At the time of the audit, which was performed by Friedman LLP, Tether’s USDT tokens in circulation had been valued at $420 million that day. However, Tether was not able to verify whether it actually held the $2.3 billion in deposits in order to fully back the USDT it had issued at that time.
Later on, Tether said that its USDT wasn’t fully backed by US dollar reserves. Instead, the stablecoin was about 70% backed with USD reserves and the remaining was backed by “cash equivalents,” the company had claimed.
Throughout the years, Tether and Bitfinex appear to have experienced significant problems with how they manage their business operations. They had been working with a digital currency payment processor called Crypto Capital which allegedly lost hundreds of millions of dollars worth of funds belonging to Bitfinex.
In October 2019, Oz Yosef, principal at Crypto Capital, was charged with three criminal counts by the US Attorney’s Office of the Southern District of New York.
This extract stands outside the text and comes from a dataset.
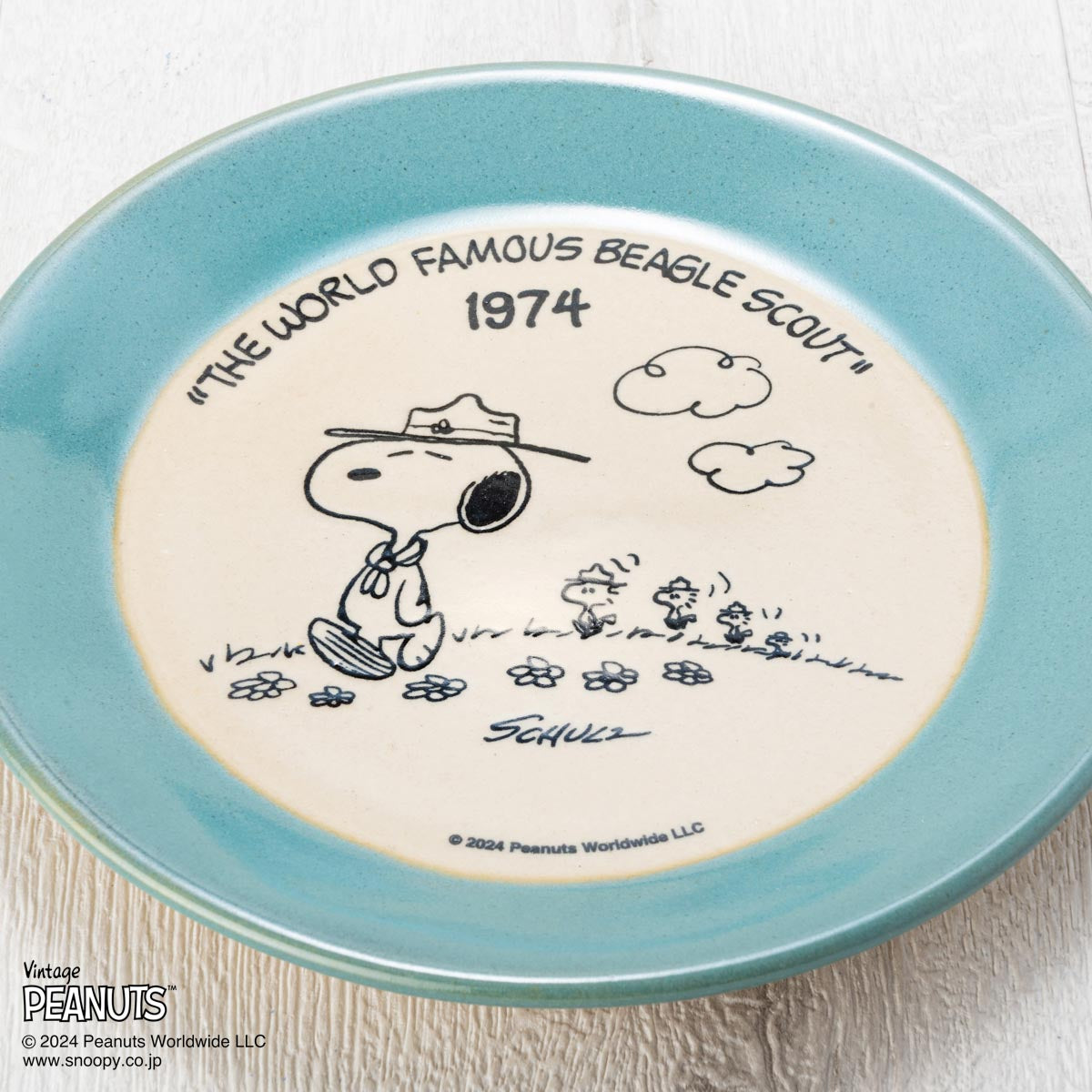 MASHICO プレート17cm PEANUTS [Beagle Scout 1974] ライトブルー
Ivan Manuel Molina Lee, president at Crypto Capital, was also taken into police custody in Poland. He was charged with conspiracy to commit bank fraud, and for running an unauthorized money transmitting service.
Crypto Capital had allegedly been serving as Bitfinex’s payment processor, and reportedly managed to lose the exchange’s $850 million it was holding, a scandal that also involved Tether.
Stuart Hoegner, Bitfinex’s general counsel, had claimed that the exchange was a victim of fraud.
However, the NY Attorney General’s Office has alleged that Bitfinex inappropriately used Tether’s funds, in an attempt to cover up for the $850 million loss.